Your assignment
Starting at the line that contains "Berger-Blanc-Suisse-Born-to-Win-White-Oligarch-03207" and ending at the line that contains "Macleania bullata", the lines below are to be given again exactly, with nothing added.

++++

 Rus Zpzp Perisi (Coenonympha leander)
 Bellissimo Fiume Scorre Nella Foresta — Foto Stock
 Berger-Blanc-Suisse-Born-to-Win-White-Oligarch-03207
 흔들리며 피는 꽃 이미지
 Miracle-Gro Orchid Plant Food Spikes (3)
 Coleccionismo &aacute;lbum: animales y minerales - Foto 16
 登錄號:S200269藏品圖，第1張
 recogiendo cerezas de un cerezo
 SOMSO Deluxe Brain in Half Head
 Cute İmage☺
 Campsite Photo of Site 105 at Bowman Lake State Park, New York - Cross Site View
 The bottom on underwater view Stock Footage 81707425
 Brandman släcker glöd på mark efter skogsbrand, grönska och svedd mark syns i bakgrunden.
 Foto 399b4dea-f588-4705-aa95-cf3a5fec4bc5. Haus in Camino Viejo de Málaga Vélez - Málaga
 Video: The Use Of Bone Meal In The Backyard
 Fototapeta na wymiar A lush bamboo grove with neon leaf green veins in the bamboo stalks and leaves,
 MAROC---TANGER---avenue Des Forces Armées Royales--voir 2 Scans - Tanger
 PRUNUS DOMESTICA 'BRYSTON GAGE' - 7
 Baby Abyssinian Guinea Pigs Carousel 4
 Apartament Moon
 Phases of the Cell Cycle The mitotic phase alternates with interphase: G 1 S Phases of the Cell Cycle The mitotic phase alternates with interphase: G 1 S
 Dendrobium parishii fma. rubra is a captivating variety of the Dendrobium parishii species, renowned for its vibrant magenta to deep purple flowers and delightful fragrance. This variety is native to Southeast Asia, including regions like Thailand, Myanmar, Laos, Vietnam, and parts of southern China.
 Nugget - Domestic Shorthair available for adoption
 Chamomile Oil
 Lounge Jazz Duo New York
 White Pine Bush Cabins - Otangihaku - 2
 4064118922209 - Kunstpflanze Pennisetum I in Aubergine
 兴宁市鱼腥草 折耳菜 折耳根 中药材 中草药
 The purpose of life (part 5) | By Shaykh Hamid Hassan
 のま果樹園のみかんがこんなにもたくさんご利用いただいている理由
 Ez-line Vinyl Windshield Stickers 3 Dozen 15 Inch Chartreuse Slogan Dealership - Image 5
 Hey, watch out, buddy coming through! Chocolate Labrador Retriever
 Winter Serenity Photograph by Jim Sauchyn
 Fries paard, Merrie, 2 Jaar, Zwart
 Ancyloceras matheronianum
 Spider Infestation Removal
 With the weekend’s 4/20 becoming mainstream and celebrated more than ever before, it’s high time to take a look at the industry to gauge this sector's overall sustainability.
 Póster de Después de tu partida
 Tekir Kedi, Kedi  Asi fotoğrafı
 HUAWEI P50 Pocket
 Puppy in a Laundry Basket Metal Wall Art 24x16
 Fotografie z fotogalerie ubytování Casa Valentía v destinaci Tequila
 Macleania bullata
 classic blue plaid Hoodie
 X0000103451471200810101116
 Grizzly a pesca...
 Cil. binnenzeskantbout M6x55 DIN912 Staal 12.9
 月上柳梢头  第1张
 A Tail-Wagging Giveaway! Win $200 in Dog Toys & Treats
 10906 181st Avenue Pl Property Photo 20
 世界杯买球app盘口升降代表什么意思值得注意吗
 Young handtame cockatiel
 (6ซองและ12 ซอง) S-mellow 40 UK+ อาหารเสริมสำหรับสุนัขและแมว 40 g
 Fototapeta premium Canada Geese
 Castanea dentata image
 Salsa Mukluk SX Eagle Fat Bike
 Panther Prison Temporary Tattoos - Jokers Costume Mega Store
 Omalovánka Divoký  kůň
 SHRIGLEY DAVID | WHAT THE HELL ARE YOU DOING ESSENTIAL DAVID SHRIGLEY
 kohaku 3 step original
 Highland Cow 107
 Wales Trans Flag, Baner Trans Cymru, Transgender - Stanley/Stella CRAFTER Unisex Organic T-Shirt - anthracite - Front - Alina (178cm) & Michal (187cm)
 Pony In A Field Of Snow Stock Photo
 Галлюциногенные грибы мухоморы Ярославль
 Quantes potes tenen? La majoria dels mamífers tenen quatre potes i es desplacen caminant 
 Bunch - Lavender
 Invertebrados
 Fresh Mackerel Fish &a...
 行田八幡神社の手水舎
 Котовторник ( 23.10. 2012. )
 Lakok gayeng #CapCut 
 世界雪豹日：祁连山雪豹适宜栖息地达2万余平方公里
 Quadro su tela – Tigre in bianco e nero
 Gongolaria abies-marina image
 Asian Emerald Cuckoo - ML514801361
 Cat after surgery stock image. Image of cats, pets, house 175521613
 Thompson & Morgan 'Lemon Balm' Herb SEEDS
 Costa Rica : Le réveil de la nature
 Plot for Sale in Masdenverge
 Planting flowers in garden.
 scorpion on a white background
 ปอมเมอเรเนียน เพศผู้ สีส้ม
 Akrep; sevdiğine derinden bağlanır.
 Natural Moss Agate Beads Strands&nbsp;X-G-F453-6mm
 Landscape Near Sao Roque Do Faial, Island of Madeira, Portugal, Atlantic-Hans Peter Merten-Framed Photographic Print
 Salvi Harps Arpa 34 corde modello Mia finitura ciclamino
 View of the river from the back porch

++++

Answer space
 Berger-Blanc-Suisse-Born-to-Win-White-Oligarch-03207
 흔들리며 피는 꽃 이미지
 Miracle-Gro Orchid Plant Food Spikes (3)
 Coleccionismo &aacute;lbum: animales y minerales - Foto 16
 登錄號:S200269藏品圖，第1張
 recogiendo cerezas de un cerezo
 SOMSO Deluxe Brain in Half Head
 Cute İmage☺
 Campsite Photo of Site 105 at Bowman Lake State Park, New York - Cross Site View
 The bottom on underwater view Stock Footage 81707425
 Brandman släcker glöd på mark efter skogsbrand, grönska och svedd mark syns i bakgrunden.
 Foto 399b4dea-f588-4705-aa95-cf3a5fec4bc5. Haus in Camino Viejo de Málaga Vélez - Málaga
 Video: The Use Of Bone Meal In The Backyard
 Fototapeta na wymiar A lush bamboo grove with neon leaf green veins in the bamboo stalks and leaves,
 MAROC---TANGER---avenue Des Forces Armées Royales--voir 2 Scans - Tanger
 PRUNUS DOMESTICA 'BRYSTON GAGE' - 7
 Baby Abyssinian Guinea Pigs Carousel 4
 Apartament Moon
 Phases of the Cell Cycle The mitotic phase alternates with interphase: G 1 S Phases of the Cell Cycle The mitotic phase alternates with interphase: G 1 S
 Dendrobium parishii fma. rubra is a captivating variety of the Dendrobium parishii species, renowned for its vibrant magenta to deep purple flowers and delightful fragrance. This variety is native to Southeast Asia, including regions like Thailand, Myanmar, Laos, Vietnam, and parts of southern China.
 Nugget - Domestic Shorthair available for adoption
 Chamomile Oil
 Lounge Jazz Duo New York
 White Pine Bush Cabins - Otangihaku - 2
 4064118922209 - Kunstpflanze Pennisetum I in Aubergine
 兴宁市鱼腥草 折耳菜 折耳根 中药材 中草药
 The purpose of life (part 5) | By Shaykh Hamid Hassan
 のま果樹園のみかんがこんなにもたくさんご利用いただいている理由
 Ez-line Vinyl Windshield Stickers 3 Dozen 15 Inch Chartreuse Slogan Dealership - Image 5
 Hey, watch out, buddy coming through! Chocolate Labrador Retriever
 Winter Serenity Photograph by Jim Sauchyn
 Fries paard, Merrie, 2 Jaar, Zwart
 Ancyloceras matheronianum
 Spider Infestation Removal
 With the weekend’s 4/20 becoming mainstream and celebrated more than ever before, it’s high time to take a look at the industry to gauge this sector's overall sustainability.
 Póster de Después de tu partida
 Tekir Kedi, Kedi  Asi fotoğrafı
 HUAWEI P50 Pocket
 Puppy in a Laundry Basket Metal Wall Art 24x16
 Fotografie z fotogalerie ubytování Casa Valentía v destinaci Tequila
 Macleania bullata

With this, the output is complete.